The Patient Protection and Affordable Care Act (PPACA), the legislation that created ObamaCare, is failing miserably in its attempt to make healthcare affordable and, in fact, is making it even more expensive than it was before, executives told the House Subcommittee on Health, Employment, Labor, and Pensions during a May 31 hearing.
“There’s no question the PPACA has, to this date, bent the health insurance cost curve north, not south,” Edward Fensholt, senior vice president of Lockton Companies, LLC, the world’s largest privately held insurance brokerage and consulting firm, told the subcommittee. “As additional taxes, fees and mandates on employer-based health coverage come on line, we fear the health insurance affordability forecast will continue to deteriorate.”

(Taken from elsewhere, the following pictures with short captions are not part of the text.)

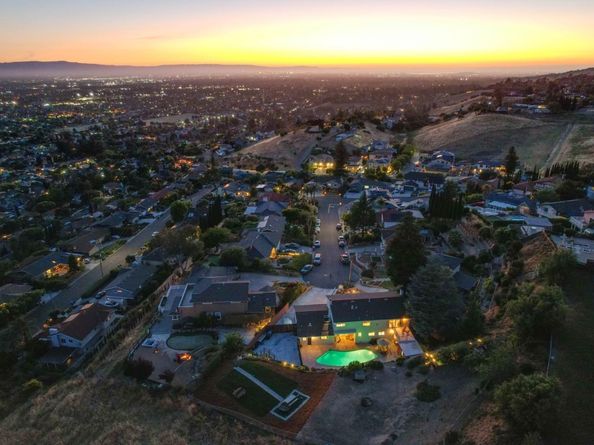 950 Macduff Court, San Jose CA 95127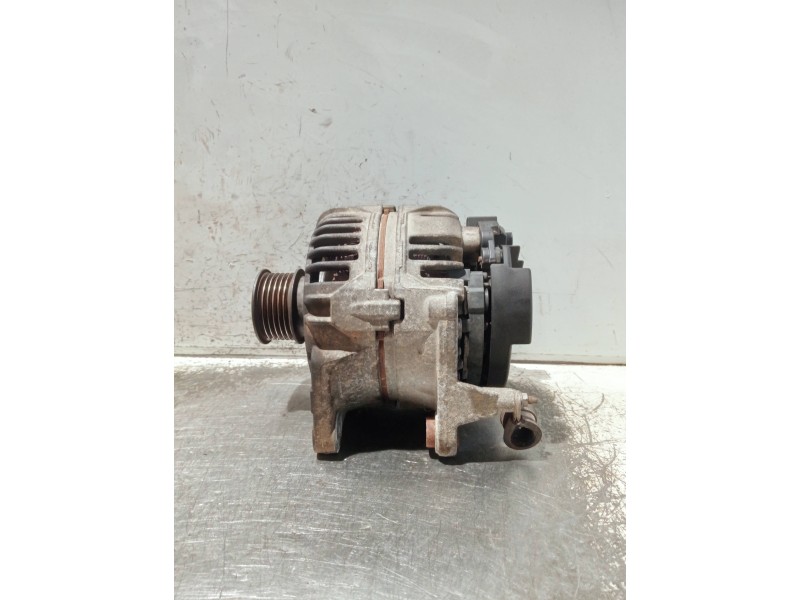 Recambio de alternador para volkswagen polo berlina (6n2) referencia OEM IAM 037903025L 0124315005 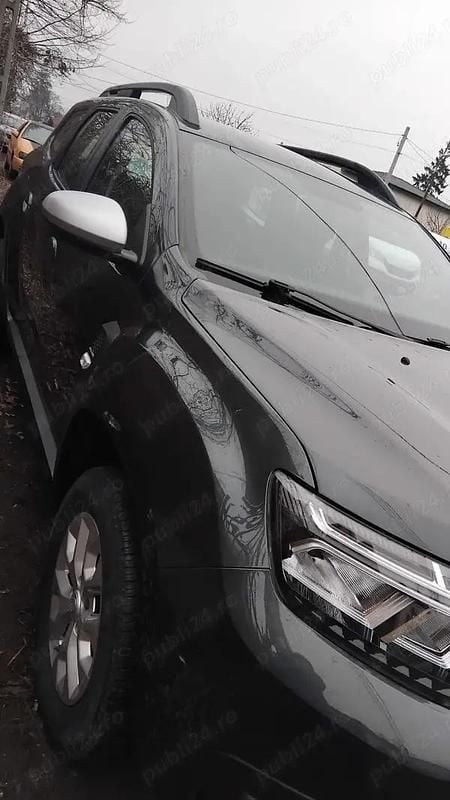 Second-hand Dacia Duster 110 CP (80 kW) 2022 SUV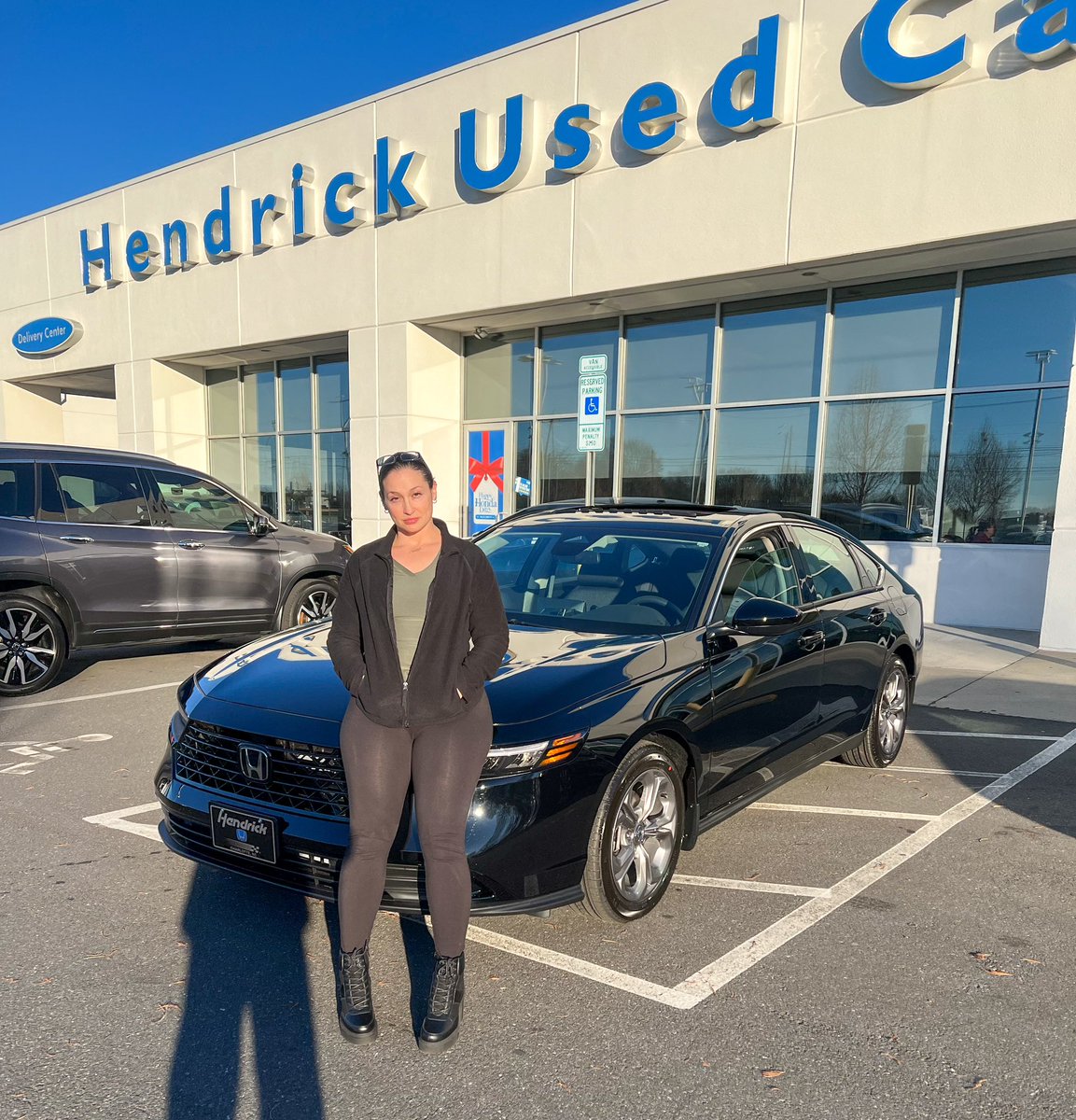 HendrickHondaNC's tweet image. Christina is driving into the New Year with her beautiful brand-new 2024 Honda Accord delivered by Carter Nast, our Sales &amp;amp; Leasing Consultant📲 (704-552-3431)🤩
#newyearnewcar #drive #posingforthecamera #hondaccord #hondaaccordlove #cars #photoshoot #accord #hondaowners #upgrade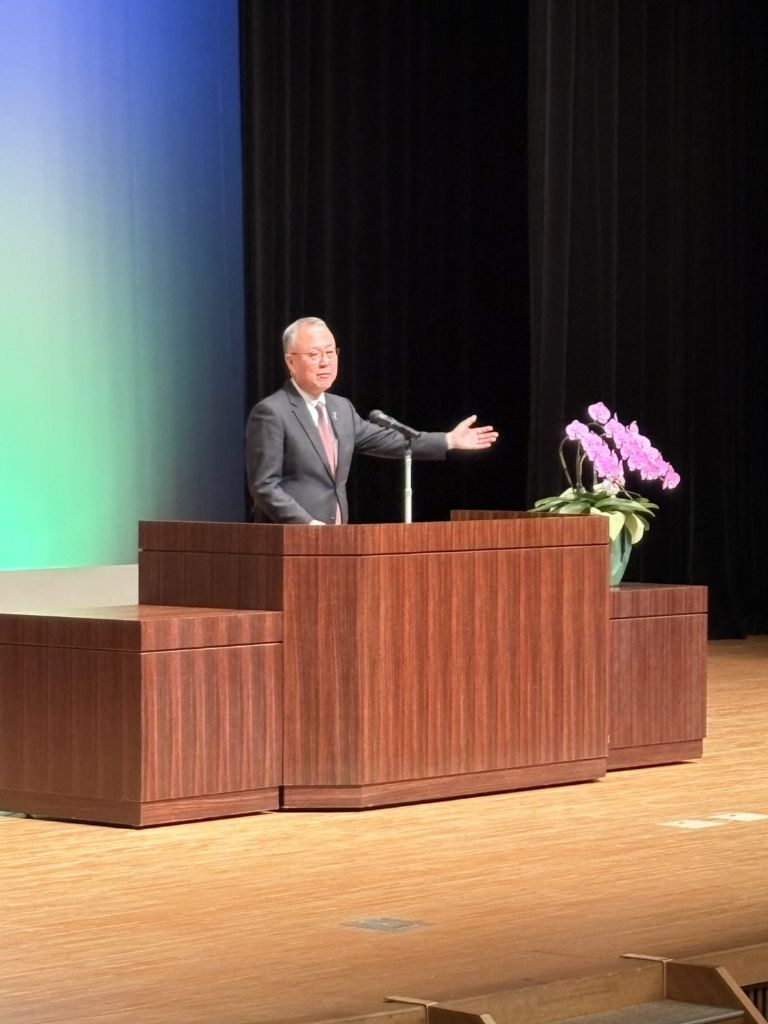 男女共同参画ネットワークさのと共催で男女共同参画講演会を開催しました。小学生の素晴らしい標語・作文の表彰式の後、ダイビーノン代表の飯田あきるさんに多様な性のあり方に関するご講演をいただきました。今後も男女共同参画へのご理解ご協力をお願いいたします。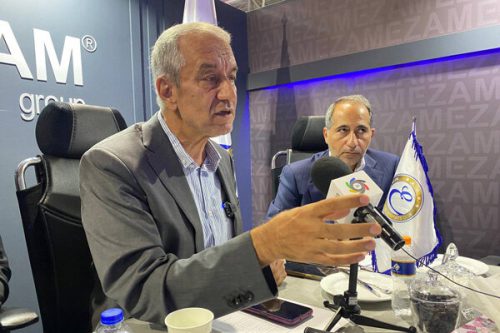 تا وقتی حق پخش را ندهند وضعیت همین است/ در لیگ تیمداری می‌کنیم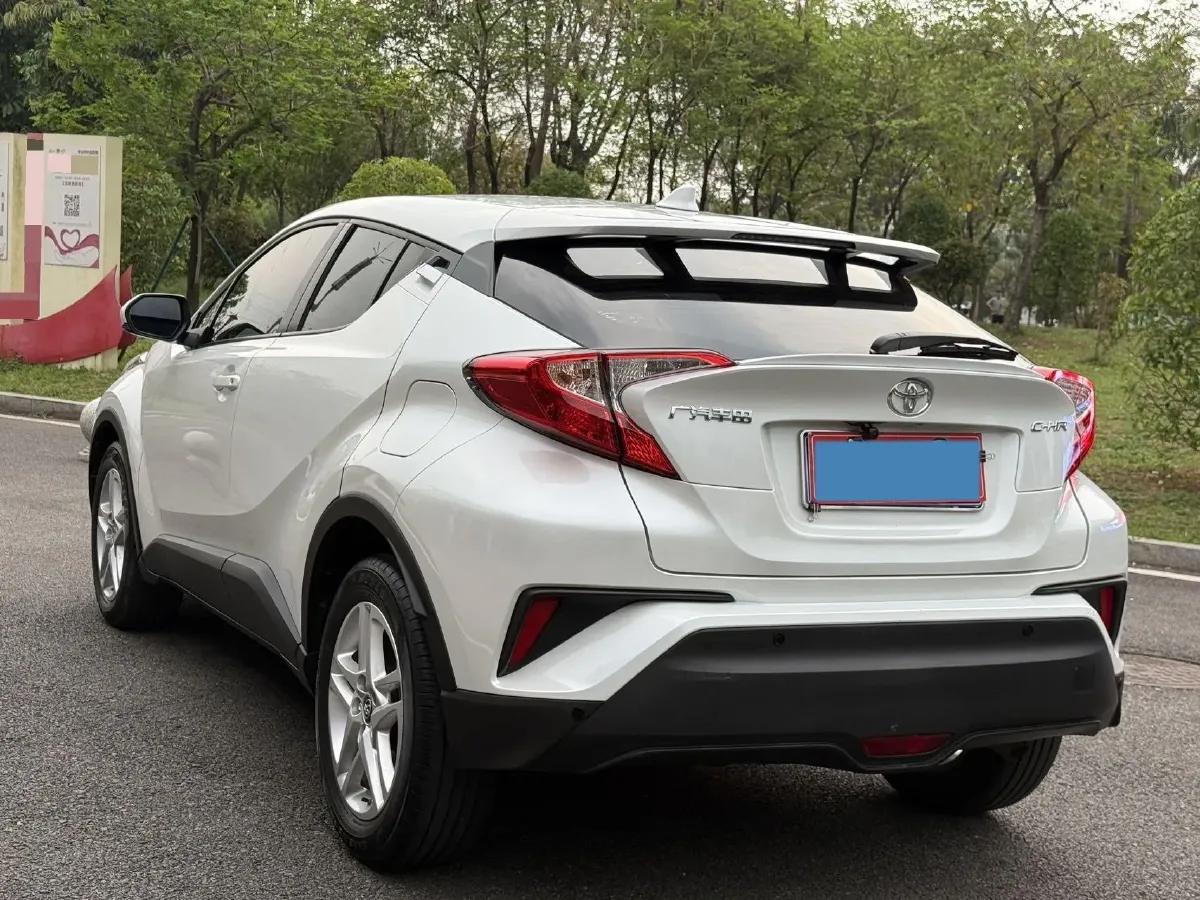 2022 Toyota C-HR 2.0L 171HP L4 CVT,autocango,china used car exporter,china ev exporter,chinese used car exporter,chinese used ev exporter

Fensholt pointed to a number of ObamaCare mandates already in force that have increased employers’ health insurance costs by “2–3 percent.” Among these are requirements that health plans cover "children" to age 26 on their parents’ plans, ignore preexisting conditions when covering children, eliminate lifetime and some annual benefit caps, and cover various preventive services. In addition, he maintained, a new rule requiring employers to offer the same level of health coverage at the same cost to all employees will likely become so expensive that many “employers will simply have to terminate their existing group coverage” — leaving all their employees, rather than just some, uninsured.
Looming PPACA mandates are only expected to make matters worse, according to Fensholt.